Art vs Commerce Part I: An Existential Crisis

On giving up one’s cushy 9-to-5 job in search of immortality

Jared Young
3 min readDec 5, 2017
This is not the Van Ruysdael painting I reference below, but, still, come on, what are those birds doing below the horizon line?

MY OFFICE IS LOCATED less than five minutes from the National Gallery of Canada, where, on occasion, to briefly alleviate the ongoing spiritual crisis that the following essay is an attempt to resolve, I spend my lunch hour wandering among the old paintings in the international gallery. The collection is excellent. There are works by Botticelli, Gauguin, Cezanne, Matisse — all those famous dudes, those notable artists.

I prefer the international gallery to the others because my goal in spending time at the museum is to feel unmoored from the present, set adrift in time and space. There is something, too, about contemporary art, in which so much is implicit in colour and shape and texture, that bears too close a kinship with the work I do during the day as a creative director at an advertising agency.[1]
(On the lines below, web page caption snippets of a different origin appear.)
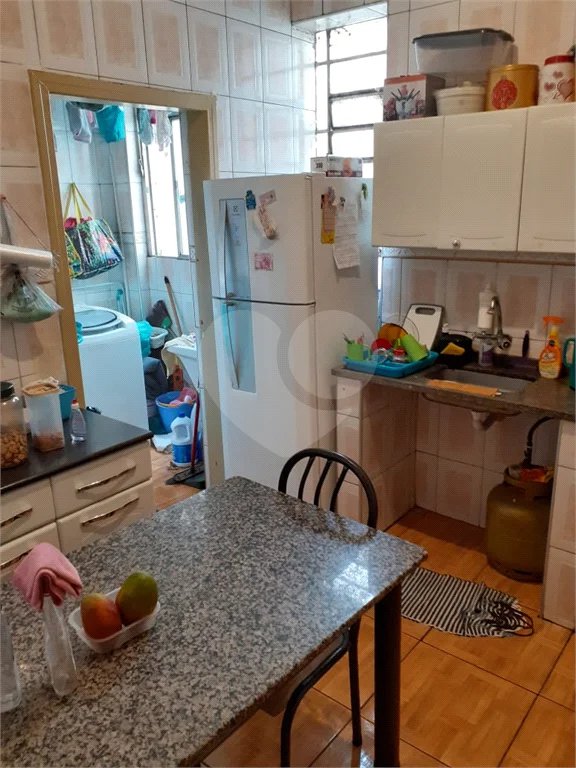 Oportunidade para quem quer morar no próximo do Centro - Apto 60 mts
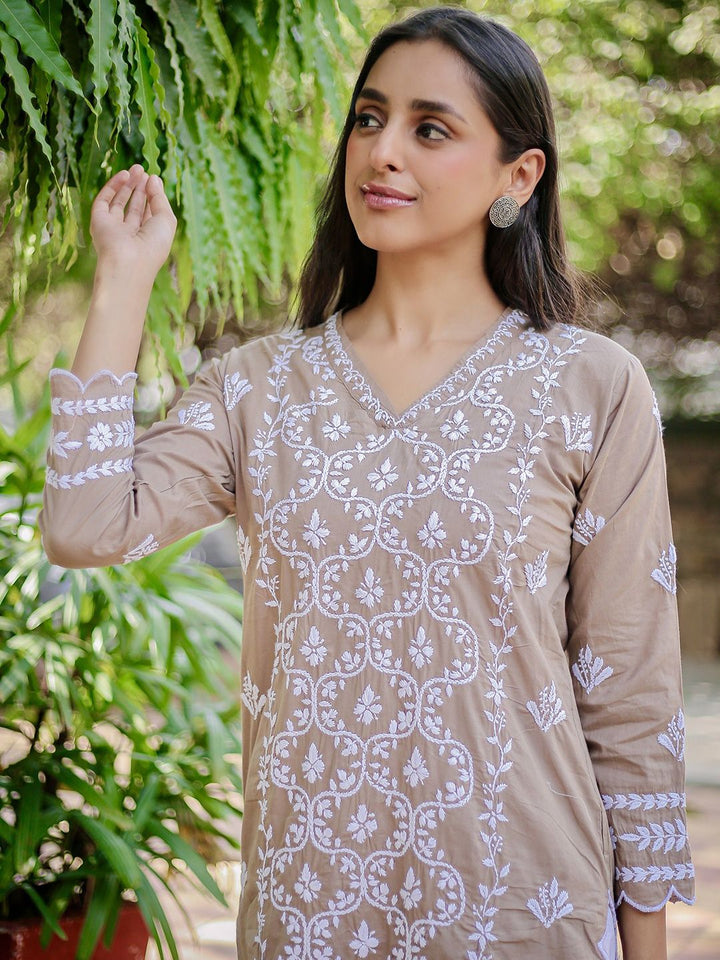 HOUSE OF KARI Floral Embroidered Cotton Chikankari Kurta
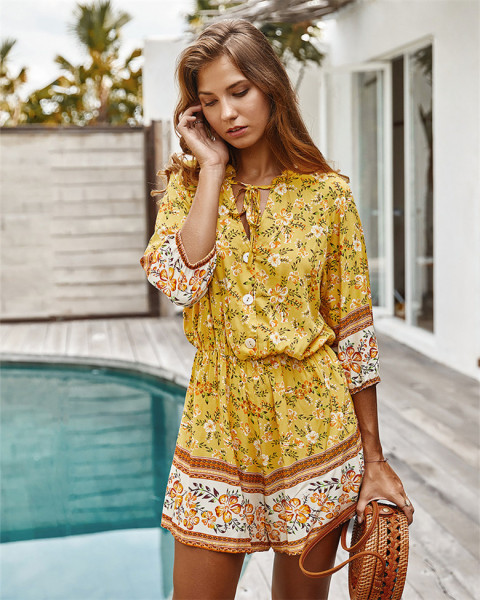 Salopetă scurtă de damă casual cu mâneci 7/8 și motive florale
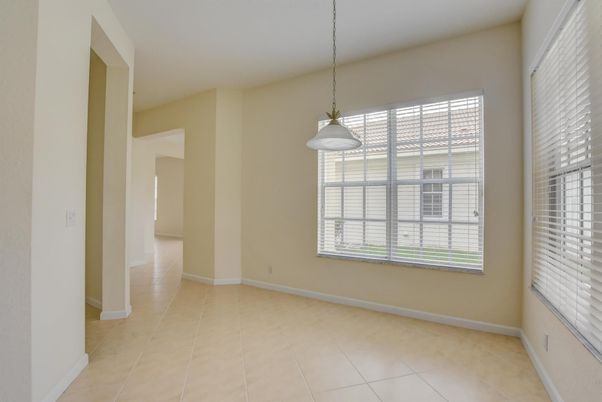Empty room, Interior, Pendant Lights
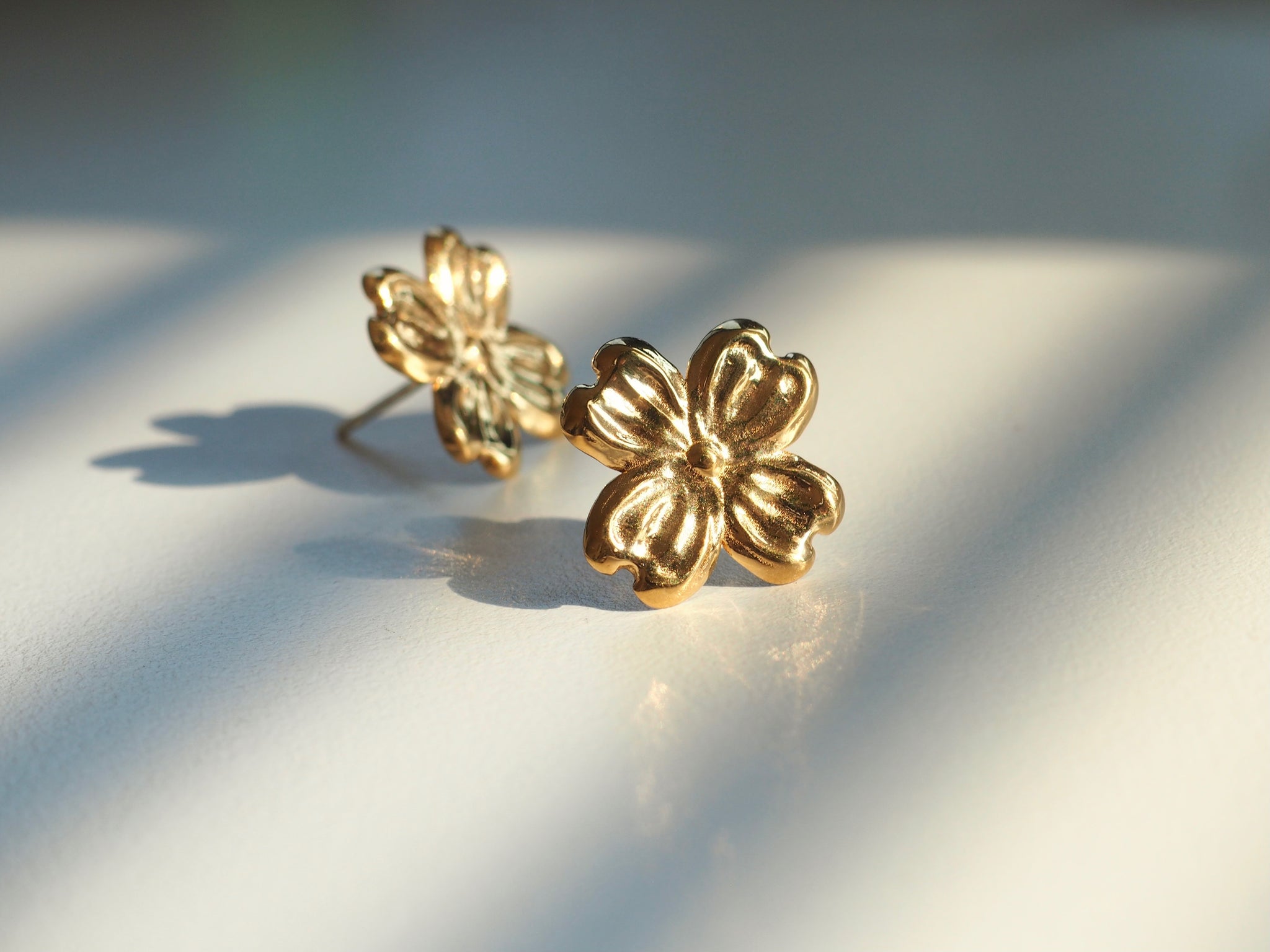 Dried 3D clover flower hoop earrings, Sterling silver post studs, Gifts for  her, Botanical earrings, Real flower earrings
[1. In the course of developing a brand identity there is always much grandiose debate about whether, for example, an enterprise solution is better represented by an equilateral or isosceles triangle, or whether, say, the colour green represents the principle of customer success better than the colour blue (the answers to these questions are, obviously, equilateral and green).]

So, yes, I prefer these old paintings. I prefer to wander through pastoral Dutch landscapes; I prefer to stand in 17th-century Italian piazzas; I prefer to make meaningful eye contact with long-dead Medici power brokers (the kind of meaningful eye contact I can never summon the courage to make with my colleagues back at the office).

These dead men are known to me, many hundreds of years later, because of these images they’ve created. I know Salomon van Ruysdael — and feel deeply connected to him — because in “River Landscape” he decided to put that gull below the horizon line, close to the surface of the water, rather than up in the sky, like any rational person might expect, and it’s that small detail that makes the painting superlative to me. I want to be immortal like these guys. I want my small aesthetic choices to be recognized a hundred years from now and pondered over with the same wonder and intensity that I myself have pondered over Ruysdael’s seagull and Nabokov’s alliterations and Bart Sears’ biceps. Forget modern medicine and its immortality pills; drawing lines and choosing words and making choices that are contemplated centuries hence: that is the secret to living forever.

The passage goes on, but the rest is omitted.